We hear that "the past is prologue," or a prediction, often -- how events of the past live on to the present. The story is told in at least five time periods from 1957 to 1995. The film is set and was shot in Germany, but the dialogue is in English. We take on the perspective of Michael Berg through these years as he matures and attempts to understand how he could love a woman who worked for the Nazis, and then understand the depths of her shame. Subtitles show the viewer the time changes, and as different scenes intersperce through different time periods with smart transitions, we begin to see how significant emotions and events may never leave us.
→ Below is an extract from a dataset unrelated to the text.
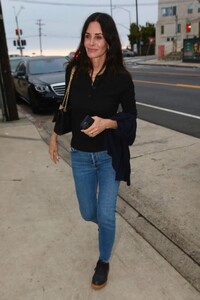 courteney-cox-out-for-dinner-at-giorgio-baldi-in-santa-monica-06-07-2022-6.thumb.jpg.b2559abcc39185dd35b6cccbd17a10dd.jpg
Some critics have reacted strongly against The Reader, suggesting that the film unfairly uses the post-Nazi German context manipulatively. If there is a knock on this film, it is the film's literary seriousness; The Reader film is based on a novel by the same name written by German lawyer Bernhard Schlink. I find this snipe unfair because The Reader expands how we understand the complex inheritance not only of atrocities like the Holocaust, but also how human psychology works, with each past experience affecting the present. The past is still happening.
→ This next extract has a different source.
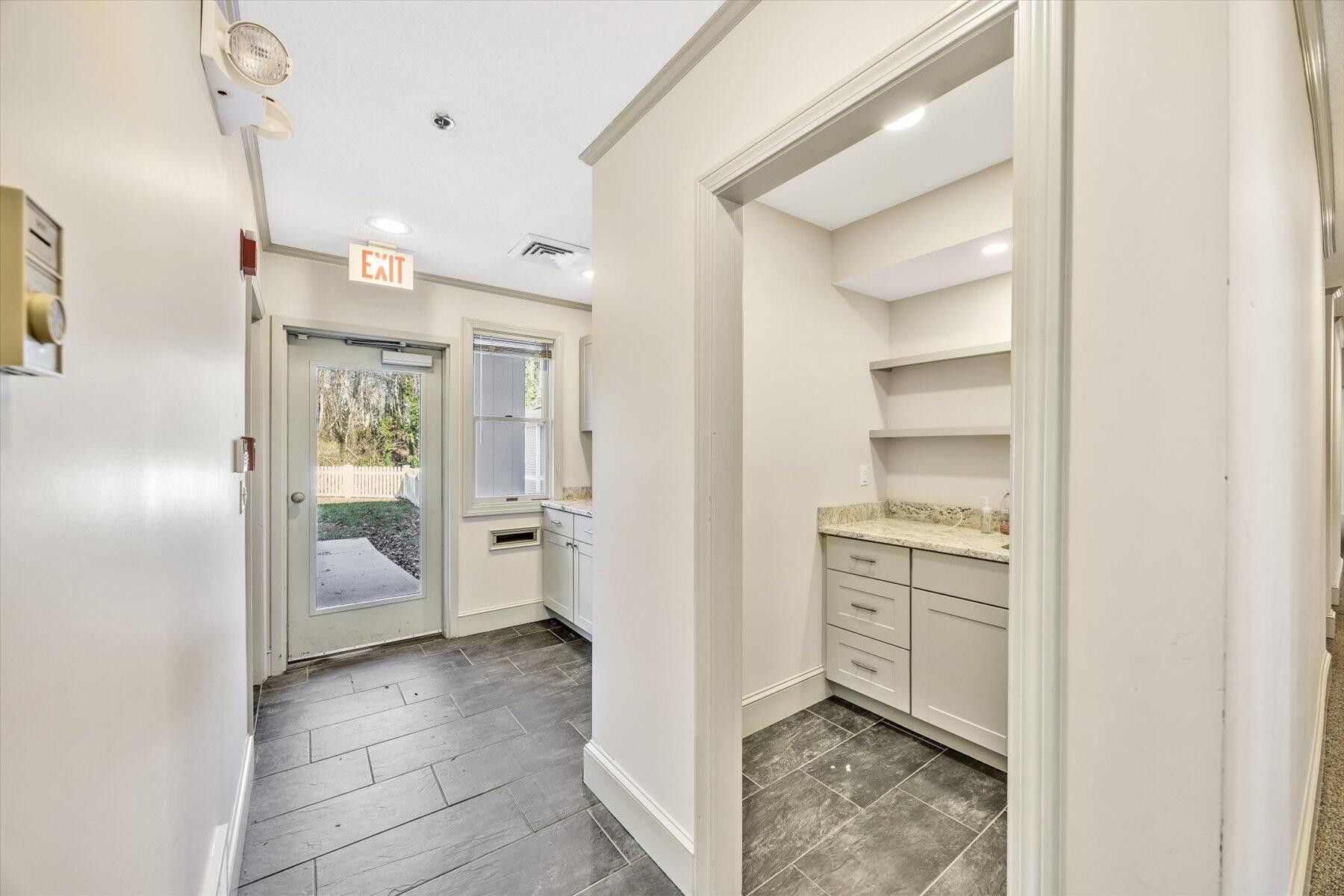 8 Cardinal Lane Orleans MA 02653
The title The Reader comes from Hanna's illiteracy: as a lonely person, when she befriends someone, she has them read her books. One powerful moment is in the courtroom when Michael learns that Hanna had Jewish concentration camp inmates read to her, but would then expel them to their deaths when she became too emotionally attached to them. This parallels the narrative of the first third of the film, when young Michael comes to sexual understanding with the adult Hanna and reads great works of literature to her, but she disappears out of his life.
It did not feel like a two-hour film. The first third deals with the emotional swells of the affair; at one moment, the schoolboy Michael hears a teacher lecture, "Western literature deals with the hiding of information, whether love, emotion, or death" (paraphrase). The second third follows Michael as a law student witnessing the prosecution of his former lover Hanna. The final third finds Hanna living in prison and the now-adult Michael sending her tapes of him reading great works of literature, in effect teaching Hanna literacy. The finish is not a cliffhanger, but the motifs (or recurring elements) of the film are put to great use throughout and especially in the conclusion.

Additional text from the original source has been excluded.